Web page caption snippets:
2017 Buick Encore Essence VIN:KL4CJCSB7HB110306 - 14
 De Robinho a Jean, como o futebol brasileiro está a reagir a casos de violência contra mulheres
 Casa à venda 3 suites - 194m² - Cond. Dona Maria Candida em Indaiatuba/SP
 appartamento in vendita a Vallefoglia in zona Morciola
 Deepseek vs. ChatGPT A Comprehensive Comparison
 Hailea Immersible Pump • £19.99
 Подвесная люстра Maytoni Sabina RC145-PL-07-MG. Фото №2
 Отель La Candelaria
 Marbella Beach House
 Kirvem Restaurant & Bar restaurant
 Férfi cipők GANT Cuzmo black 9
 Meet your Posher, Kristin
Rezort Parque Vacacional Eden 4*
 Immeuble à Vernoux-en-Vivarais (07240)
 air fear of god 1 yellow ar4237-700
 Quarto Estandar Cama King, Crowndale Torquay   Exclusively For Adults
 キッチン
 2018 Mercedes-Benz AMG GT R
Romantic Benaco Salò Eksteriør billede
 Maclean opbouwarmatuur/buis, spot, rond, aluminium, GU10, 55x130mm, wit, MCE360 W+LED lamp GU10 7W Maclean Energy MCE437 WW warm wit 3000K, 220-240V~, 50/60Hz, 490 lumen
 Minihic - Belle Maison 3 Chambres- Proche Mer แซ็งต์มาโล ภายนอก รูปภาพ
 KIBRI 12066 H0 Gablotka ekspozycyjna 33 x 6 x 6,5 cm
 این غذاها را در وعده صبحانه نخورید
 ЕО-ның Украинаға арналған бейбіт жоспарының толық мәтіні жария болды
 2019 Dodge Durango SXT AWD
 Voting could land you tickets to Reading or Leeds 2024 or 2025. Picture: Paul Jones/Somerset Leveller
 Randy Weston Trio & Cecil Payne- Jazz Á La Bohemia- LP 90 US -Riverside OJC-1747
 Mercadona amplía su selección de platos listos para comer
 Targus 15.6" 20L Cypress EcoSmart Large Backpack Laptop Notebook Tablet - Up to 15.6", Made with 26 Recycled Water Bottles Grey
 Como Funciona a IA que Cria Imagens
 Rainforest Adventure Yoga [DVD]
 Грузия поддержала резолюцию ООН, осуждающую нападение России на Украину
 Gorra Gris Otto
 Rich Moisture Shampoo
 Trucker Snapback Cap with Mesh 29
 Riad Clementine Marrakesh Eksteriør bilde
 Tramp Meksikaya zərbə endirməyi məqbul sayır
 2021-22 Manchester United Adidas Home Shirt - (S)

**About this task:** Filter the data for the string "Eksteriør". Copy each matching line.

**Response:**
Romantic Benaco Salò Eksteriør billede
 Riad Clementine Marrakesh Eksteriør bilde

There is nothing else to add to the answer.